*** Information
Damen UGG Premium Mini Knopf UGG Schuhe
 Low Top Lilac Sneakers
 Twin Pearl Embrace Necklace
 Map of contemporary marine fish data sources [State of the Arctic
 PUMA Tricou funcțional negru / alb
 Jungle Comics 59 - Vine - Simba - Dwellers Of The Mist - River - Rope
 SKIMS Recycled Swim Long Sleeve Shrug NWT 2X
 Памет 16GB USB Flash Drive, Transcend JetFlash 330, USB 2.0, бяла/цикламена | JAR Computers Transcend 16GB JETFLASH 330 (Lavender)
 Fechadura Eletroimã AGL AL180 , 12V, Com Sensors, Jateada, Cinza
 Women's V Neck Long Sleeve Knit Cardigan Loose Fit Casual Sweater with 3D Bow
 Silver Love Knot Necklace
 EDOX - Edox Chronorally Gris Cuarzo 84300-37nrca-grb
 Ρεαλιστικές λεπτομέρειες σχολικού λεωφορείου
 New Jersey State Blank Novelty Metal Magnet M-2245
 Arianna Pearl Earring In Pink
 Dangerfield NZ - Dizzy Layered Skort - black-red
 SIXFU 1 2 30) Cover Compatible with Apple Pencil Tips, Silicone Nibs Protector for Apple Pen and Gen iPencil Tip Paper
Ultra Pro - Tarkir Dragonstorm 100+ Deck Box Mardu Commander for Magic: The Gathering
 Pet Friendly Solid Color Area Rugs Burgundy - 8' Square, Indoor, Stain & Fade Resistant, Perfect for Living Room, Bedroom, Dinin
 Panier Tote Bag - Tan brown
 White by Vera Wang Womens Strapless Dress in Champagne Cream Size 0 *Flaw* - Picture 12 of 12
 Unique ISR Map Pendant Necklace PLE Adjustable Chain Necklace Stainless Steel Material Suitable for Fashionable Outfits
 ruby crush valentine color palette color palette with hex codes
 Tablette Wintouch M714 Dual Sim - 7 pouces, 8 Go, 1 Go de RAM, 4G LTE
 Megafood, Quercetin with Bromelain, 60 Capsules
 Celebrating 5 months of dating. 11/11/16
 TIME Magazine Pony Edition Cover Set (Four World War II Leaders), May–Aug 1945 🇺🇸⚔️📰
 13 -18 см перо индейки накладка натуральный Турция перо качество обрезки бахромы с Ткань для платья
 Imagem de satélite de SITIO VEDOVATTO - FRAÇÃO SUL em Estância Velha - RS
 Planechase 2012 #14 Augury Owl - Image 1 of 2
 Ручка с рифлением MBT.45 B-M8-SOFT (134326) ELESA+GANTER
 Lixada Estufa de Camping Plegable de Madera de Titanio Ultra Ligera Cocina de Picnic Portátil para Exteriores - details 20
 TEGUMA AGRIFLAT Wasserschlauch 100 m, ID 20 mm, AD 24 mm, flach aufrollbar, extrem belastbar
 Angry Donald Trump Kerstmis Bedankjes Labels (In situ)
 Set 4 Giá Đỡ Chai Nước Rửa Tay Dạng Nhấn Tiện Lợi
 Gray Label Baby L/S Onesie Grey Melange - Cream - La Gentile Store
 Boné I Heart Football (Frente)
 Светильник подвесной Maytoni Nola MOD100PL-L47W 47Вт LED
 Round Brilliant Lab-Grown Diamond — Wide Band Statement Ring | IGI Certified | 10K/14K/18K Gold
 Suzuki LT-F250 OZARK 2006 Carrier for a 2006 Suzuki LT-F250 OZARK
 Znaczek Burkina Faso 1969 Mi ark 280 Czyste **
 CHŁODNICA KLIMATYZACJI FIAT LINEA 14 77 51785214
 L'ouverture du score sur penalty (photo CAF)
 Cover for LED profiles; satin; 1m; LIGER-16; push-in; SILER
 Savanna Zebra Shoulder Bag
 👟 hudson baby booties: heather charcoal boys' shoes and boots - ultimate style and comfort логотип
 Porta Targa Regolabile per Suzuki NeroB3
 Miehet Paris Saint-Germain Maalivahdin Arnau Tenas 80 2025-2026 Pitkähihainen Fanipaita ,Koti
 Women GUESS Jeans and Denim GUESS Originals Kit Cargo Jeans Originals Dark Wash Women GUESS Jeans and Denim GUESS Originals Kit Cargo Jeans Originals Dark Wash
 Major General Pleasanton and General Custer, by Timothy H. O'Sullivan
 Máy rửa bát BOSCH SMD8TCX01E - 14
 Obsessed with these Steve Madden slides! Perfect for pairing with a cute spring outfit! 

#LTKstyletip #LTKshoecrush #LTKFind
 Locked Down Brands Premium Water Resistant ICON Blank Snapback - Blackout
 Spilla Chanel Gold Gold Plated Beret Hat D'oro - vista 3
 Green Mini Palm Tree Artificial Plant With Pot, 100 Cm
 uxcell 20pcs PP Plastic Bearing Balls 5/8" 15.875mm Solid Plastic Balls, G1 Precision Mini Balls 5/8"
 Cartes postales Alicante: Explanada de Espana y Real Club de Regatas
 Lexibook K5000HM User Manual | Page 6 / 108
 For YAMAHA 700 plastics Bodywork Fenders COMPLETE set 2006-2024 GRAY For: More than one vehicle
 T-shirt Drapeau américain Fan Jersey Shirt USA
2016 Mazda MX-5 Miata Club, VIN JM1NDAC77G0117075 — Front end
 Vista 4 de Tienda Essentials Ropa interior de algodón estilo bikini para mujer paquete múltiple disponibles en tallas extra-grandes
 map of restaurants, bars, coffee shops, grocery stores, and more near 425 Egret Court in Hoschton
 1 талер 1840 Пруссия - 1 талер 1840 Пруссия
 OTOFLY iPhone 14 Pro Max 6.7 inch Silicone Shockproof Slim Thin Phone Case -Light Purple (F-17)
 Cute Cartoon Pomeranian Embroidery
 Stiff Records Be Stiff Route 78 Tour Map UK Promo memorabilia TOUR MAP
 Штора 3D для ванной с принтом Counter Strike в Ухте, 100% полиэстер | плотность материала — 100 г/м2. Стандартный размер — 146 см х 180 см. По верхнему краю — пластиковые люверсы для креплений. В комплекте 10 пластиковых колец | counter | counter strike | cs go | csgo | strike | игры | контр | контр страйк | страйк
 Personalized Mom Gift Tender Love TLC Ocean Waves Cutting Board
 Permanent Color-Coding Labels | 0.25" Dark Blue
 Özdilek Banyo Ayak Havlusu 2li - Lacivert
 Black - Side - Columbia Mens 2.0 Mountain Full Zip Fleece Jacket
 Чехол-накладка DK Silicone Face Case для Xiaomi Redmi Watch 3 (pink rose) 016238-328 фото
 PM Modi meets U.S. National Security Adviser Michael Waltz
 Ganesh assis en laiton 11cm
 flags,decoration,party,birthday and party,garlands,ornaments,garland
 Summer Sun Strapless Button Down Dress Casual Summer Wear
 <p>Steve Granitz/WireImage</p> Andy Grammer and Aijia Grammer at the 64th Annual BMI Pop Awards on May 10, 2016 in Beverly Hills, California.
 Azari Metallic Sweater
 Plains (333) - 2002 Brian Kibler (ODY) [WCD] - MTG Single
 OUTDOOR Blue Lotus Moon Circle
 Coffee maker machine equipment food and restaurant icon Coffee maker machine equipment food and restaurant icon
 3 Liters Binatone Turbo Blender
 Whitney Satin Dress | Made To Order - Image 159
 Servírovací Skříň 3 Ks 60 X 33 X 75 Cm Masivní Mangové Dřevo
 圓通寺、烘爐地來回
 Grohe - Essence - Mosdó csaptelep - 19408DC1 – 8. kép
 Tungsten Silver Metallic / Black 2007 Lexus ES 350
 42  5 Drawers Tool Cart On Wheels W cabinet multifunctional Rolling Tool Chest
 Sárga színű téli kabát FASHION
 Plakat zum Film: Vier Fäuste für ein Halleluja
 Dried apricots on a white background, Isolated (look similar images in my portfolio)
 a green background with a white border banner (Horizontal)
******
Assignment:
In the answer, the listing above should be restated word for word.

Answer to the problem:
Damen UGG Premium Mini Knopf UGG Schuhe
 Low Top Lilac Sneakers
 Twin Pearl Embrace Necklace
 Map of contemporary marine fish data sources [State of the Arctic
 PUMA Tricou funcțional negru / alb
 Jungle Comics 59 - Vine - Simba - Dwellers Of The Mist - River - Rope
 SKIMS Recycled Swim Long Sleeve Shrug NWT 2X
 Памет 16GB USB Flash Drive, Transcend JetFlash 330, USB 2.0, бяла/цикламена | JAR Computers Transcend 16GB JETFLASH 330 (Lavender)
 Fechadura Eletroimã AGL AL180 , 12V, Com Sensors, Jateada, Cinza
 Women's V Neck Long Sleeve Knit Cardigan Loose Fit Casual Sweater with 3D Bow
 Silver Love Knot Necklace
 EDOX - Edox Chronorally Gris Cuarzo 84300-37nrca-grb
 Ρεαλιστικές λεπτομέρειες σχολικού λεωφορείου
 New Jersey State Blank Novelty Metal Magnet M-2245
 Arianna Pearl Earring In Pink
 Dangerfield NZ - Dizzy Layered Skort - black-red
 SIXFU 1 2 30) Cover Compatible with Apple Pencil Tips, Silicone Nibs Protector for Apple Pen and Gen iPencil Tip Paper
Ultra Pro - Tarkir Dragonstorm 100+ Deck Box Mardu Commander for Magic: The Gathering
 Pet Friendly Solid Color Area Rugs Burgundy - 8' Square, Indoor, Stain & Fade Resistant, Perfect for Living Room, Bedroom, Dinin
 Panier Tote Bag - Tan brown
 White by Vera Wang Womens Strapless Dress in Champagne Cream Size 0 *Flaw* - Picture 12 of 12
 Unique ISR Map Pendant Necklace PLE Adjustable Chain Necklace Stainless Steel Material Suitable for Fashionable Outfits
 ruby crush valentine color palette color palette with hex codes
 Tablette Wintouch M714 Dual Sim - 7 pouces, 8 Go, 1 Go de RAM, 4G LTE
 Megafood, Quercetin with Bromelain, 60 Capsules
 Celebrating 5 months of dating. 11/11/16
 TIME Magazine Pony Edition Cover Set (Four World War II Leaders), May–Aug 1945 🇺🇸⚔️📰
 13 -18 см перо индейки накладка натуральный Турция перо качество обрезки бахромы с Ткань для платья
 Imagem de satélite de SITIO VEDOVATTO - FRAÇÃO SUL em Estância Velha - RS
 Planechase 2012 #14 Augury Owl - Image 1 of 2
 Ручка с рифлением MBT.45 B-M8-SOFT (134326) ELESA+GANTER
 Lixada Estufa de Camping Plegable de Madera de Titanio Ultra Ligera Cocina de Picnic Portátil para Exteriores - details 20
 TEGUMA AGRIFLAT Wasserschlauch 100 m, ID 20 mm, AD 24 mm, flach aufrollbar, extrem belastbar
 Angry Donald Trump Kerstmis Bedankjes Labels (In situ)
 Set 4 Giá Đỡ Chai Nước Rửa Tay Dạng Nhấn Tiện Lợi
 Gray Label Baby L/S Onesie Grey Melange - Cream - La Gentile Store
 Boné I Heart Football (Frente)
 Светильник подвесной Maytoni Nola MOD100PL-L47W 47Вт LED
 Round Brilliant Lab-Grown Diamond — Wide Band Statement Ring | IGI Certified | 10K/14K/18K Gold
 Suzuki LT-F250 OZARK 2006 Carrier for a 2006 Suzuki LT-F250 OZARK
 Znaczek Burkina Faso 1969 Mi ark 280 Czyste **
 CHŁODNICA KLIMATYZACJI FIAT LINEA 14 77 51785214
 L'ouverture du score sur penalty (photo CAF)
 Cover for LED profiles; satin; 1m; LIGER-16; push-in; SILER
 Savanna Zebra Shoulder Bag
 👟 hudson baby booties: heather charcoal boys' shoes and boots - ultimate style and comfort логотип
 Porta Targa Regolabile per Suzuki NeroB3
 Miehet Paris Saint-Germain Maalivahdin Arnau Tenas 80 2025-2026 Pitkähihainen Fanipaita ,Koti
 Women GUESS Jeans and Denim GUESS Originals Kit Cargo Jeans Originals Dark Wash Women GUESS Jeans and Denim GUESS Originals Kit Cargo Jeans Originals Dark Wash
 Major General Pleasanton and General Custer, by Timothy H. O'Sullivan
 Máy rửa bát BOSCH SMD8TCX01E - 14
 Obsessed with these Steve Madden slides! Perfect for pairing with a cute spring outfit! 

#LTKstyletip #LTKshoecrush #LTKFind
 Locked Down Brands Premium Water Resistant ICON Blank Snapback - Blackout
 Spilla Chanel Gold Gold Plated Beret Hat D'oro - vista 3
 Green Mini Palm Tree Artificial Plant With Pot, 100 Cm
 uxcell 20pcs PP Plastic Bearing Balls 5/8" 15.875mm Solid Plastic Balls, G1 Precision Mini Balls 5/8"
 Cartes postales Alicante: Explanada de Espana y Real Club de Regatas
 Lexibook K5000HM User Manual | Page 6 / 108
 For YAMAHA 700 plastics Bodywork Fenders COMPLETE set 2006-2024 GRAY For: More than one vehicle
 T-shirt Drapeau américain Fan Jersey Shirt USA
2016 Mazda MX-5 Miata Club, VIN JM1NDAC77G0117075 — Front end
 Vista 4 de Tienda Essentials Ropa interior de algodón estilo bikini para mujer paquete múltiple disponibles en tallas extra-grandes
 map of restaurants, bars, coffee shops, grocery stores, and more near 425 Egret Court in Hoschton
 1 талер 1840 Пруссия - 1 талер 1840 Пруссия
 OTOFLY iPhone 14 Pro Max 6.7 inch Silicone Shockproof Slim Thin Phone Case -Light Purple (F-17)
 Cute Cartoon Pomeranian Embroidery
 Stiff Records Be Stiff Route 78 Tour Map UK Promo memorabilia TOUR MAP
 Штора 3D для ванной с принтом Counter Strike в Ухте, 100% полиэстер | плотность материала — 100 г/м2. Стандартный размер — 146 см х 180 см. По верхнему краю — пластиковые люверсы для креплений. В комплекте 10 пластиковых колец | counter | counter strike | cs go | csgo | strike | игры | контр | контр страйк | страйк
 Personalized Mom Gift Tender Love TLC Ocean Waves Cutting Board
 Permanent Color-Coding Labels | 0.25" Dark Blue
 Özdilek Banyo Ayak Havlusu 2li - Lacivert
 Black - Side - Columbia Mens 2.0 Mountain Full Zip Fleece Jacket
 Чехол-накладка DK Silicone Face Case для Xiaomi Redmi Watch 3 (pink rose) 016238-328 фото
 PM Modi meets U.S. National Security Adviser Michael Waltz
 Ganesh assis en laiton 11cm
 flags,decoration,party,birthday and party,garlands,ornaments,garland
 Summer Sun Strapless Button Down Dress Casual Summer Wear
 <p>Steve Granitz/WireImage</p> Andy Grammer and Aijia Grammer at the 64th Annual BMI Pop Awards on May 10, 2016 in Beverly Hills, California.
 Azari Metallic Sweater
 Plains (333) - 2002 Brian Kibler (ODY) [WCD] - MTG Single
 OUTDOOR Blue Lotus Moon Circle
 Coffee maker machine equipment food and restaurant icon Coffee maker machine equipment food and restaurant icon
 3 Liters Binatone Turbo Blender
 Whitney Satin Dress | Made To Order - Image 159
 Servírovací Skříň 3 Ks 60 X 33 X 75 Cm Masivní Mangové Dřevo
 圓通寺、烘爐地來回
 Grohe - Essence - Mosdó csaptelep - 19408DC1 – 8. kép
 Tungsten Silver Metallic / Black 2007 Lexus ES 350
 42  5 Drawers Tool Cart On Wheels W cabinet multifunctional Rolling Tool Chest
 Sárga színű téli kabát FASHION
 Plakat zum Film: Vier Fäuste für ein Halleluja
 Dried apricots on a white background, Isolated (look similar images in my portfolio)
 a green background with a white border banner (Horizontal)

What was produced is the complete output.